You want to find row/column operation for which your initial matrix looks like this
\begin{equation*} \begin{pmatrix}a_1 & 0 \\0&a_2 \\0&0 \end{pmatrix}\end{equation*}
and $a_1\mid a_2$. According to Wikipedia this numbers are unique up to multiplication by a unit, and they can be found by using the formula $a_i =\frac{d_i(A)}{d_{i-1}(A)}$, where $d_i(A)$ is the greatest common divisor of all $i\times i$ minor of you matrix.
Moreover according to
this thread you are only allowed to
- interchange two rows or two columns,
- multiply a row or column by $\pm1$ (which are the invertible elements in $\mathbf{Z}$),
- add an integer multiple of row to another row (or an integer multiple of a column to another column).
Let us compute $a_1$. As you can see the greatest common divisor of all $1\times 1$ minor of your matrix is $2$, so we will have $a_1 =2$ once the algorithm is over.
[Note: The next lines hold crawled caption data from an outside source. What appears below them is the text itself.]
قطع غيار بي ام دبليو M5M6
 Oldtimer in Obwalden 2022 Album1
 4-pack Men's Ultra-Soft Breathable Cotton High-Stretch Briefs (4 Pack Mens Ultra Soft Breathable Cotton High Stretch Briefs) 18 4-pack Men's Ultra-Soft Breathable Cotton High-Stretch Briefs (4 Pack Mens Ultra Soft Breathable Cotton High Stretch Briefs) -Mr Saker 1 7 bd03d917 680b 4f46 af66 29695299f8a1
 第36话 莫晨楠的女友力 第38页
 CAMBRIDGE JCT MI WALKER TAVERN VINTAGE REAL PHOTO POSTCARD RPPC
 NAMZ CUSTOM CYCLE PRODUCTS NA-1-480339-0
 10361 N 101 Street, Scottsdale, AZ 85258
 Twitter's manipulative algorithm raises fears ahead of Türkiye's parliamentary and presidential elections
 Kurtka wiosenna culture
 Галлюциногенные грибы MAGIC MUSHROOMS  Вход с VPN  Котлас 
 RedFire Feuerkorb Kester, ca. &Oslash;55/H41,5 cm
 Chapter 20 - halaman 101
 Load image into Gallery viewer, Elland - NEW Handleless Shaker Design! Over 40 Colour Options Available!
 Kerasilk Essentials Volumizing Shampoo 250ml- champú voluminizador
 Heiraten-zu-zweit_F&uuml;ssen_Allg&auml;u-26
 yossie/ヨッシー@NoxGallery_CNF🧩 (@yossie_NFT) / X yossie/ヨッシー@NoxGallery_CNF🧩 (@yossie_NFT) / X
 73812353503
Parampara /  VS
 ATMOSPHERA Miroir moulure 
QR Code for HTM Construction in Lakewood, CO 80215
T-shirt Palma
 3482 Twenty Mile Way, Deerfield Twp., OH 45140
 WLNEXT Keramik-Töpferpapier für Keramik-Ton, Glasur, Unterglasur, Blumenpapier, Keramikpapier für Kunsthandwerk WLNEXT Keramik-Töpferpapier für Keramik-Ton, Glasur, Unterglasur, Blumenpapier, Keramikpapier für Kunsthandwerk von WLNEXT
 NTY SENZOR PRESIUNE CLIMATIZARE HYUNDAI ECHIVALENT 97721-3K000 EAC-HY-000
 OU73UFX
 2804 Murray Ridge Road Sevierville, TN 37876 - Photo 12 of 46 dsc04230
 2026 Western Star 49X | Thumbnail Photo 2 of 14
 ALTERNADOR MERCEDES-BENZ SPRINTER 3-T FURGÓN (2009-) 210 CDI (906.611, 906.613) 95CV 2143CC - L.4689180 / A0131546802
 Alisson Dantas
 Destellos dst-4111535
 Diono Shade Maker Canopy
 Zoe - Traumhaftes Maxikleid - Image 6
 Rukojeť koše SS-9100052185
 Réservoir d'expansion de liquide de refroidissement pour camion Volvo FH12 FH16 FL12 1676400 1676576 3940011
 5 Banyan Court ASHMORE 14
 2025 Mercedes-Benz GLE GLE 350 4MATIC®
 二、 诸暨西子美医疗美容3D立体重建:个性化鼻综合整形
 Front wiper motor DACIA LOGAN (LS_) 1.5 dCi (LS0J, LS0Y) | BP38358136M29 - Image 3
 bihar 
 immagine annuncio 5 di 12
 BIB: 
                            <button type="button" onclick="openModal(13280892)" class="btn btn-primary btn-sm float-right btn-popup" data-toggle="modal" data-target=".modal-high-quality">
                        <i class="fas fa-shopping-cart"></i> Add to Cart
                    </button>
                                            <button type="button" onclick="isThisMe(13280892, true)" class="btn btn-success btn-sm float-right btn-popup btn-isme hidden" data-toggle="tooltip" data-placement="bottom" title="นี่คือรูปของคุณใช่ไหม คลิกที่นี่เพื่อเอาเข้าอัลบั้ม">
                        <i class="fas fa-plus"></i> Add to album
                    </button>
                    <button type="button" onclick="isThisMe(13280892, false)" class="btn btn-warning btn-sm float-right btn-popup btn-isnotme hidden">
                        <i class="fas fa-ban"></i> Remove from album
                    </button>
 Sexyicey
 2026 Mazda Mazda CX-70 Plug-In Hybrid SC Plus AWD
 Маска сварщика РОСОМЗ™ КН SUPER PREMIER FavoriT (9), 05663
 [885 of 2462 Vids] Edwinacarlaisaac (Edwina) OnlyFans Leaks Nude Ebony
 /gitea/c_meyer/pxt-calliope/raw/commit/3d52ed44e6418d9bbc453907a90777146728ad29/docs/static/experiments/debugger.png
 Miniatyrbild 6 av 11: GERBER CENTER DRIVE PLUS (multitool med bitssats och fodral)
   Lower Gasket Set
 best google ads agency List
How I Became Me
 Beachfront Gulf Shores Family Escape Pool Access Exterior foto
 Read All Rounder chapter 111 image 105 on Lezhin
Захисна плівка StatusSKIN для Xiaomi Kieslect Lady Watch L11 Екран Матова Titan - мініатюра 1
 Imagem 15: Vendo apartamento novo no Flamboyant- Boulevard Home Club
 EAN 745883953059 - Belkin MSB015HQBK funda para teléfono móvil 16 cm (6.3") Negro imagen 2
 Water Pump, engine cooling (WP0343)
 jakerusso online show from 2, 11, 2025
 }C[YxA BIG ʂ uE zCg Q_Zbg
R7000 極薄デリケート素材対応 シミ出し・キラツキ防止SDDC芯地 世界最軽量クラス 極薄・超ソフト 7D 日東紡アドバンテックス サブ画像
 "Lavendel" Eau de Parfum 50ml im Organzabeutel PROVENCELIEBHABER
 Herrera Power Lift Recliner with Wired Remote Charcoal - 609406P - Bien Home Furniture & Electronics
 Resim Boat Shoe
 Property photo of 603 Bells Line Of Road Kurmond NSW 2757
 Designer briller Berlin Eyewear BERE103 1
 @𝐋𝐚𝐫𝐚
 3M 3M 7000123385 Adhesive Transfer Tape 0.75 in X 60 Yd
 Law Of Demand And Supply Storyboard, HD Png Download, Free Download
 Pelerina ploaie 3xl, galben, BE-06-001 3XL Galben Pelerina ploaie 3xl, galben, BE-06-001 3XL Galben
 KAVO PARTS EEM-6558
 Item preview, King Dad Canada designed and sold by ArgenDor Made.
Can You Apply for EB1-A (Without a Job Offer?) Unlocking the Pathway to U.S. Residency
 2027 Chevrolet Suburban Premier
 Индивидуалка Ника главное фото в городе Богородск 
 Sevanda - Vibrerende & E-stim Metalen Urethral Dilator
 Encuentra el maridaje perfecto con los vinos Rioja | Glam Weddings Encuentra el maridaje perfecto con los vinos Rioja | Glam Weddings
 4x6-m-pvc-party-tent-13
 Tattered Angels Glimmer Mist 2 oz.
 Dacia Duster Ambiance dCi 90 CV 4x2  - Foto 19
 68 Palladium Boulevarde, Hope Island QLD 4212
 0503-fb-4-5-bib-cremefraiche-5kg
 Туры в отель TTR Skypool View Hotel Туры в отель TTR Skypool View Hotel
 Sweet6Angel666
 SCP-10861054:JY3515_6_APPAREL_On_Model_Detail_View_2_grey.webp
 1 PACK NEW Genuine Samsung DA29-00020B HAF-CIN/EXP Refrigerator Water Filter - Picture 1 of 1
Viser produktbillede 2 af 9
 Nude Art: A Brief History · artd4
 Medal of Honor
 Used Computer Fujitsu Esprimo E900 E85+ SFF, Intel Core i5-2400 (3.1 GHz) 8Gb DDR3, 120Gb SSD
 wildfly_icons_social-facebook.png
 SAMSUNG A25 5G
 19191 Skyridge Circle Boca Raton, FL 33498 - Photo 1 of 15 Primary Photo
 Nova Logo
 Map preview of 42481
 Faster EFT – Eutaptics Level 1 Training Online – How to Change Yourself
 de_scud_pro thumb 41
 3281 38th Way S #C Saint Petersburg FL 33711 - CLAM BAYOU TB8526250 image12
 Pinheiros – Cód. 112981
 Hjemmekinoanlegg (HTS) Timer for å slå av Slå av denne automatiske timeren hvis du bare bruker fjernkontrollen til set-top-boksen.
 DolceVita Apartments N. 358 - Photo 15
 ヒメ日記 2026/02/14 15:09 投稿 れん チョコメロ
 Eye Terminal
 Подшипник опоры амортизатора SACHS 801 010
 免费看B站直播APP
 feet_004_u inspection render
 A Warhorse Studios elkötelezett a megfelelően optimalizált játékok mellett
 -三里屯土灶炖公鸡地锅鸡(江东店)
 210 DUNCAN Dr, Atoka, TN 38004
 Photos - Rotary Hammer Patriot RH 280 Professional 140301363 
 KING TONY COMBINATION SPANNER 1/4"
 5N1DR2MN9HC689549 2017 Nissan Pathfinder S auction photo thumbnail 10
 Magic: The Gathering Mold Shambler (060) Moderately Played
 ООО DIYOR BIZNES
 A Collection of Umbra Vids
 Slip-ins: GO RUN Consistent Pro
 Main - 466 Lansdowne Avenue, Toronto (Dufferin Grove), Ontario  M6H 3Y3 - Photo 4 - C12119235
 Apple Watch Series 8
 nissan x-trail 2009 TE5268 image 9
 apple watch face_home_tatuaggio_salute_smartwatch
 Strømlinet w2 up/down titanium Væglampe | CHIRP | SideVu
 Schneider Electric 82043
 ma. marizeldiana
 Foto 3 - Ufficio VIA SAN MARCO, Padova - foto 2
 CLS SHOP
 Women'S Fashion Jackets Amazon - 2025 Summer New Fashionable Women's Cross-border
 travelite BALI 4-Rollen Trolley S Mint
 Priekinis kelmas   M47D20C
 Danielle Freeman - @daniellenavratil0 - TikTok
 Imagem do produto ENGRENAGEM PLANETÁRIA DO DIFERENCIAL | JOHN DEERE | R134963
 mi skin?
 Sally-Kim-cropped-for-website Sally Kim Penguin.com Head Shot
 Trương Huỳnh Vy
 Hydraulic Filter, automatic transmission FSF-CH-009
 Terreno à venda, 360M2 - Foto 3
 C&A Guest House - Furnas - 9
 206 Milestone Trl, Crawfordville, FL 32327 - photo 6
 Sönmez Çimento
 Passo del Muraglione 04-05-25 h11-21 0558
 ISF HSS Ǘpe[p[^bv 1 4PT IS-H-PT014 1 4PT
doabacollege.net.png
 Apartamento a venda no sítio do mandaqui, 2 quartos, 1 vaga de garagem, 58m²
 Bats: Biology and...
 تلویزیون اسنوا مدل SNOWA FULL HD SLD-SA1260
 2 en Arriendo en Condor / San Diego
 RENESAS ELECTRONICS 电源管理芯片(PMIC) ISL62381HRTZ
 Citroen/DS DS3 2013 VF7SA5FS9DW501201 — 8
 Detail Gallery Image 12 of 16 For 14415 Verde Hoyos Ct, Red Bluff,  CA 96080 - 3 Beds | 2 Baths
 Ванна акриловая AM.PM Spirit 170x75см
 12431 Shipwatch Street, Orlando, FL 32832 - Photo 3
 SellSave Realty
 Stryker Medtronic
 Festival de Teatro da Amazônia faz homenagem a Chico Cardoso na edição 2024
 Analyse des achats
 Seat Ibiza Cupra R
To find $a_2$ you need to compute all the $2\times 2$ minor of your matrix, and you should get $d_2(A)= GCD(-24,108,96)=12$, so $a_2 = \frac{12}{2}=6$.
Now we should find operations that respects 1.,2.,3. such that the final matrix is
$$\begin{pmatrix}2&0\\0&6\\0&0\end{pmatrix}$$
This is done in the following way (I can try it by yourself, and you should get the same solution also with other operations, because $a_1,a_2$ are unique up to multiplication by unit):
\begin{align*}
\begin{pmatrix} 6&-6 \\-6&-12\\4&-8\end{pmatrix} &\overset{Ir-IIIr; \, IIr + IIIr}{\leadsto} \begin{pmatrix} 2&2\\-2&-20\\4&-8\end{pmatrix} \\
\overset{IIc-Ic}{\leadsto}\begin{pmatrix}2&0\\-2&-18\\4&-12\end{pmatrix} &\overset{IIr+Ir;\, IIIr-2Ir}{\leadsto} \begin{pmatrix}2&0\\0&-18\\0&-12\end{pmatrix} \\
\overset{IIr-IIIr}{\leadsto}\begin{pmatrix} 2&0\\0&-6\\0&-12\end{pmatrix}&\overset{IIIr-2IIr}{\leadsto}\begin{pmatrix}2&0\\0&-6\\0&0\end{pmatrix}
\end{align*}
Now you can mulitply by $-1$ the second row.